▶ _Data for this task_:

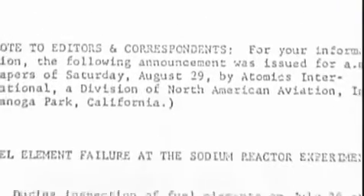Five weeks after the accident, the Atomic Energy Commission issued a press release claiming that just a single fuel rod had been slightly damaged and no radiation had been released. The body of the release said there is no evidence of unsafe operating conditions. In reality, one-third of the fuel had experienced melting. It was one of the worst accidents in nuclear history, and the AEC essentially lied about it.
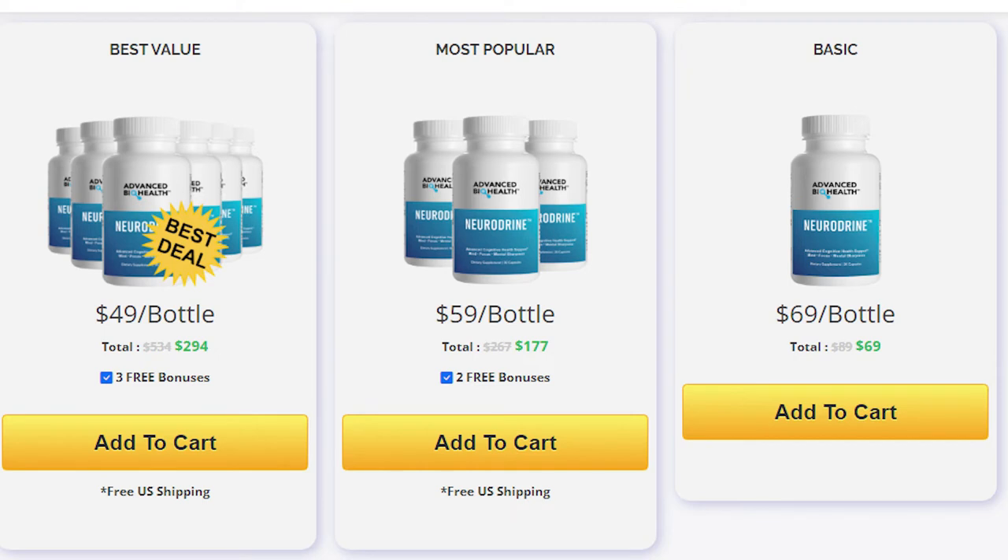There's something really important about this product that you need to know before buying it: you can actually test Neurodryne for one year, and if you don't see results or if you don't like it for any reason, they will give you your money back.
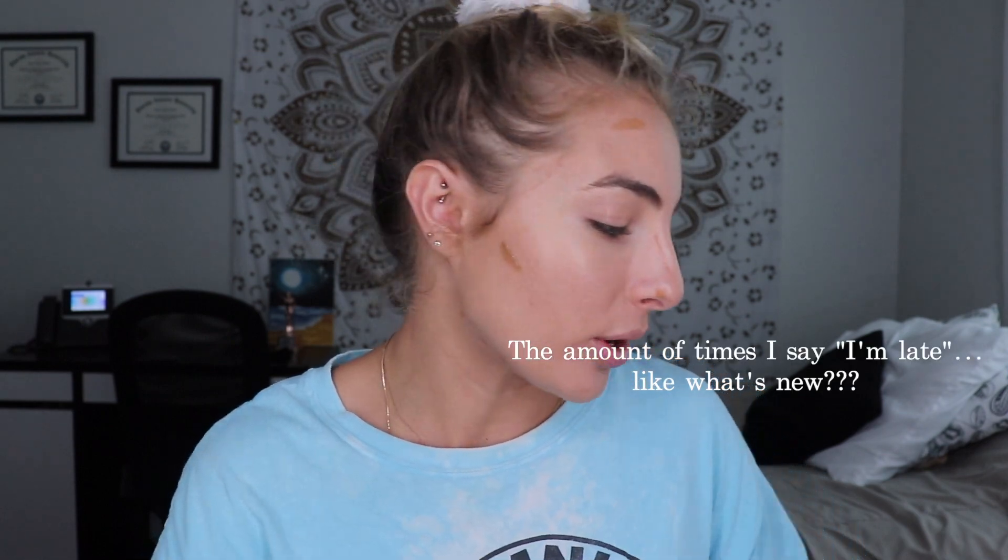I just applied my moisturizer, sunscreen, and primer. I'm going in with the Invaluable Pro Glow concealer to put a little bit of a bronzed look on my skin, still keeping that glowy dewy look. I can't explain too much what I'm doing — I'm actually kind of late — so since this is a vlog it's already gonna be pretty long, I'll just speed through my makeup process and do a little montage.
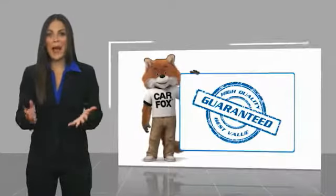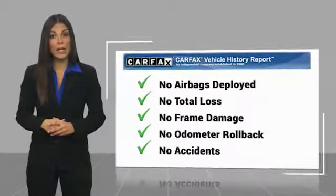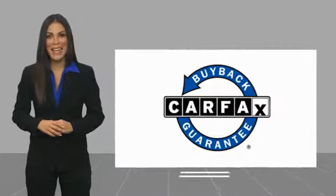Here's another high-quality vehicle with a Carfax Vehicle History Report. Be sure to find a complimentary copy of this report online or contact the dealership. This vehicle qualifies for the Carfax Buyback Guarantee.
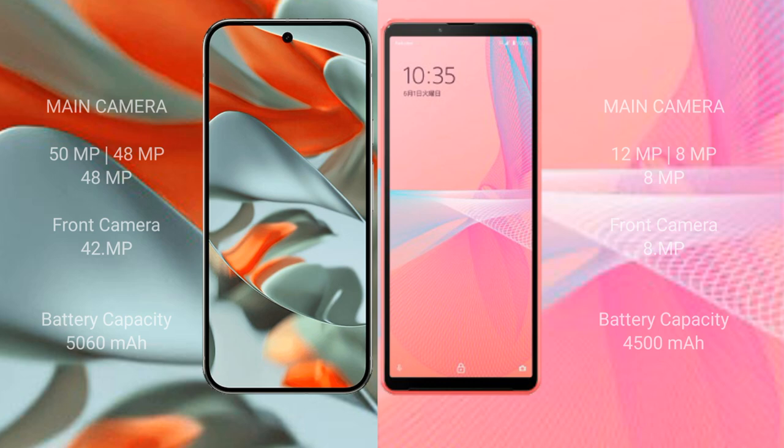Google Pixel 9 Pro XL features a triple rear camera setup: 50MP plus 48MP plus 48MP, and a 42MP front camera. Sony Xperia 10 Mark 3 Light also features a triple rear camera setup: 12MP plus 8MP plus 8MP, and an 8MP front camera.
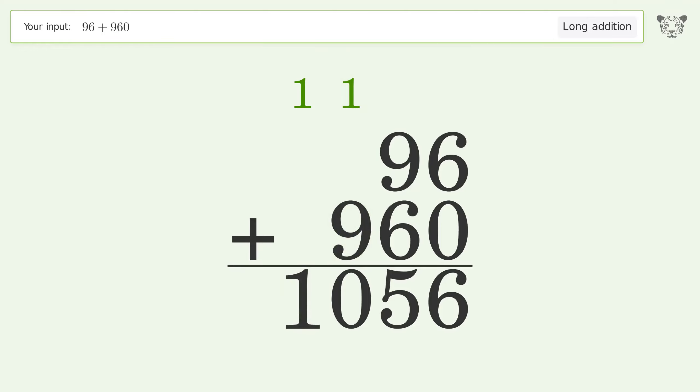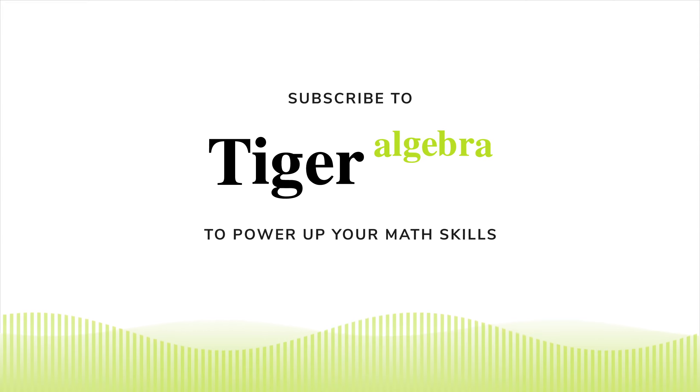Write 1 in the thousands place, and so the final result is 1056.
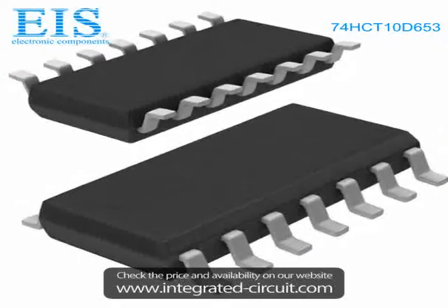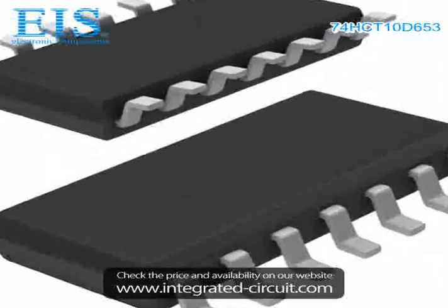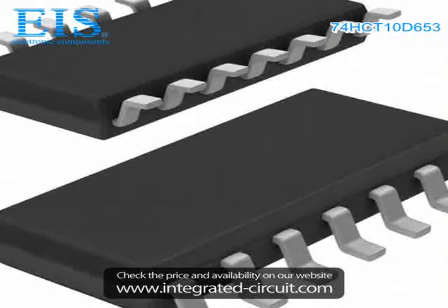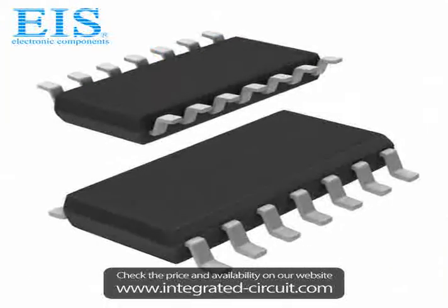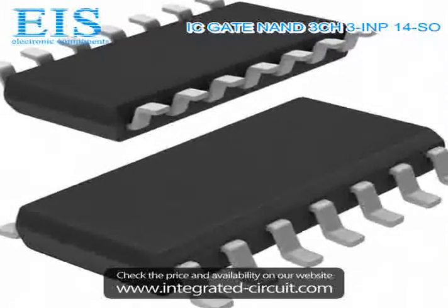Hello, this is Tams from Excellent Integrated System Limited. We are a professional stocking distributor of electronic components. We have many components in stock which can be shipped immediately after order.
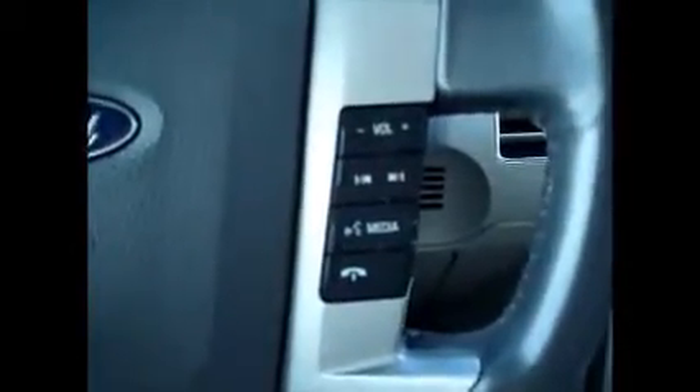On the steering wheel we have the cruise control buttons on the left side and the media control buttons and sync button on the right.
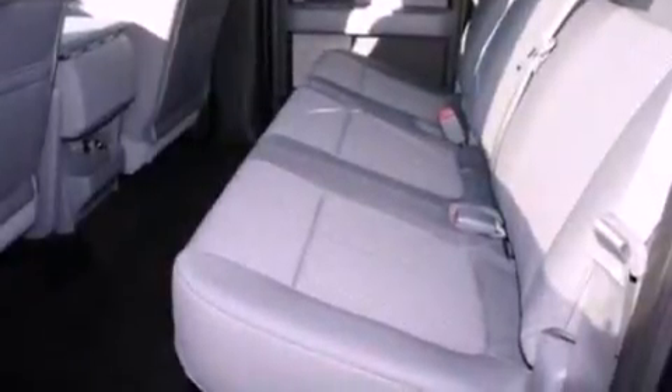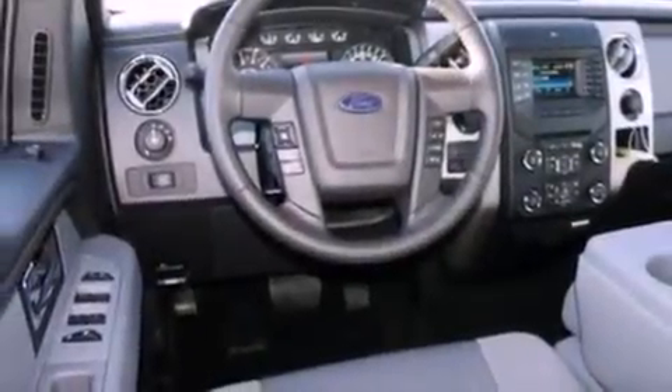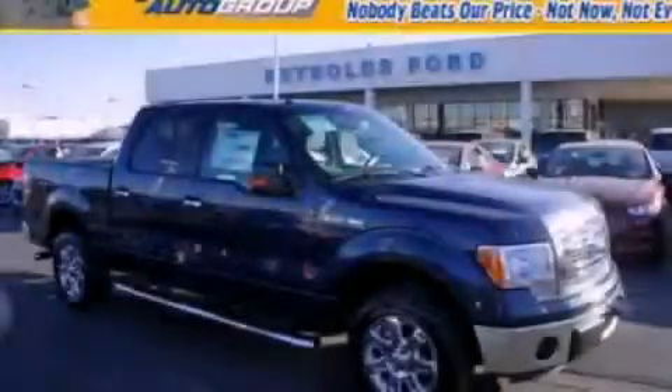Additional features include side curtain airbags, door reinforcement beams, air conditioning, and an auxiliary power outlet. Stop by today and test drive this vehicle for yourself.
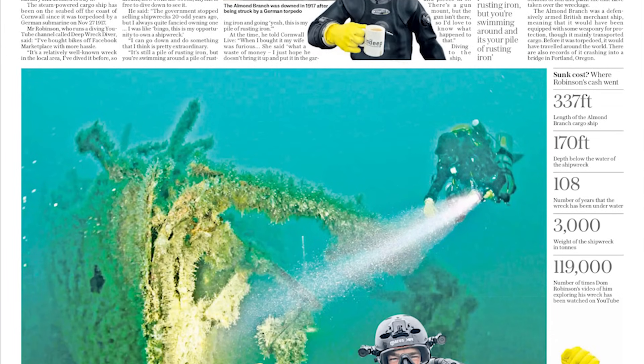In terms of media interest — in January one of my videos was about me buying the shipwreck of the Almond Branch, a local shipwreck at 50-odd meters, sunk in the First World War. The video did quite well, and about a week and a half ago it got picked up by the media. It was in most of the British newspapers and has just gone absolutely crazy since then, with all sorts of people wanting to do interviews.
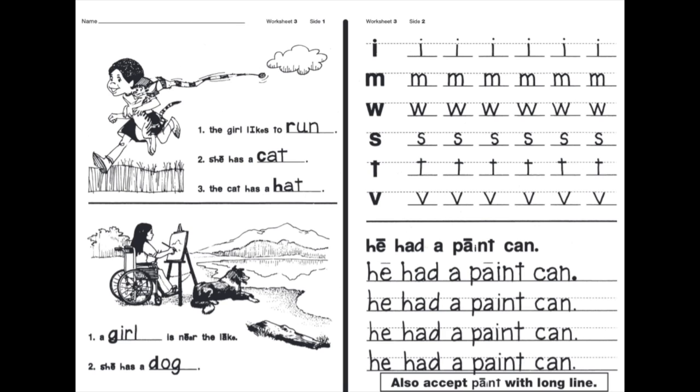Hello, IDEA Harlingen first grade scholars. It is now time for some homework. We are doing worksheet three. If you look at the first page, remember at the very top it says name with a line. I'm going to give you 10 seconds to write your name. Go.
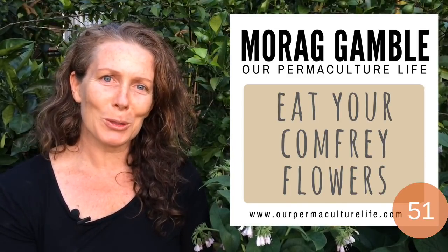Hi, I'm Morag Gamble from Our Permaculture Life. My comfrey's flowering all over my garden — all my comfrey plants are flowering. It's a fantastic attractor for bees, and these beautiful bells add beautiful color into the garden too. It's wonderful.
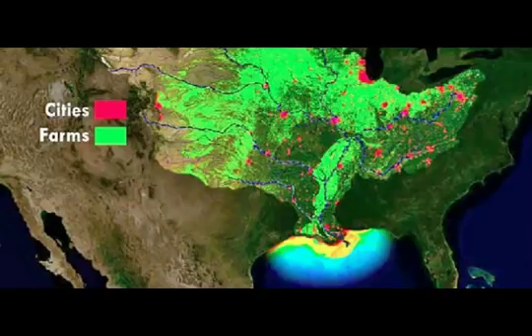USGS operates more than 3,000 real-time stream gauges, 50 real-time nitrate sensors, and 35 long-term monitoring sites throughout the Mississippi-Atchafalaya watershed, which drains all rivers and streams in parts of all 31 states and two Canadian provinces into the Gulf of Mexico.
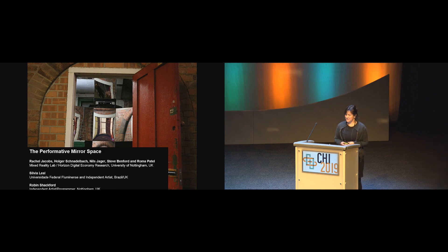Hi, I'm Rachel Jacobs. I'm an interdisciplinary artist as well as a research associate at the Mixed Reality Lab at the University of Nottingham. This project took place with researchers at the Mixed Reality Lab, including an architect, another artist based in Brazil, Silvia Leal, and an independent artist and programmer, Robin Shackford.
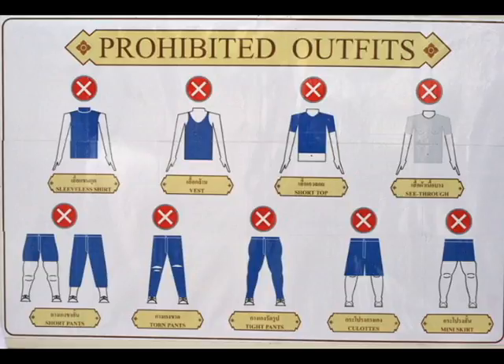As this is a temple, it's important to dress modestly. Men and women should have their legs covered at least to their knees. Tank tops and vests aren't appropriate, and women cannot show any cleavage. There is nowhere to rent sarongs or coverings at the temple, so you should go prepared.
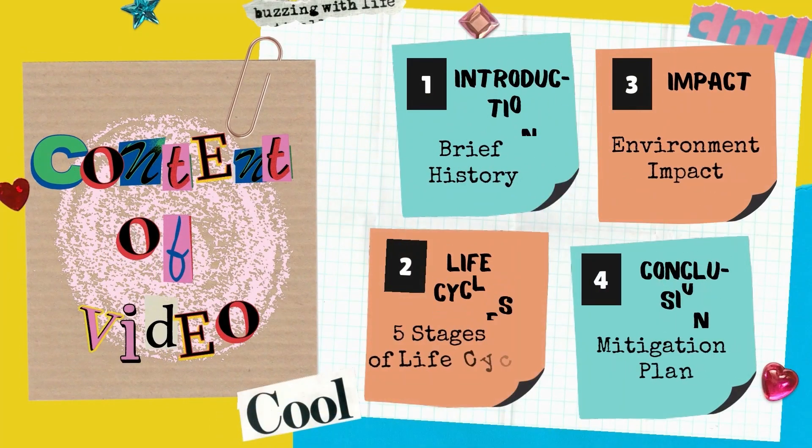Content for this video consists of: Introduction, talking about the brief history of crayons; Life Cycles, consisting of five stages in the life cycle of a product; Environmental Impact; and a conclusion on how to mitigate problems related to crayons.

▶ _Exercise objective_: The material above holds pictures; leave them out. Repeat exactly the lines from the one containing "Additional features include" through the one containing "Hello, IDEA Harlingen", and nothing else.

▶ _Task result_:
Additional features include side curtain airbags, door reinforcement beams, air conditioning, and an auxiliary power outlet. Stop by today and test drive this vehicle for yourself.
In terms of media interest — in January one of my videos was about me buying the shipwreck of the Almond Branch, a local shipwreck at 50-odd meters, sunk in the First World War. The video did quite well, and about a week and a half ago it got picked up by the media. It was in most of the British newspapers and has just gone absolutely crazy since then, with all sorts of people wanting to do interviews.
Hello, IDEA Harlingen first grade scholars. It is now time for some homework. We are doing worksheet three. If you look at the first page, remember at the very top it says name with a line. I'm going to give you 10 seconds to write your name. Go.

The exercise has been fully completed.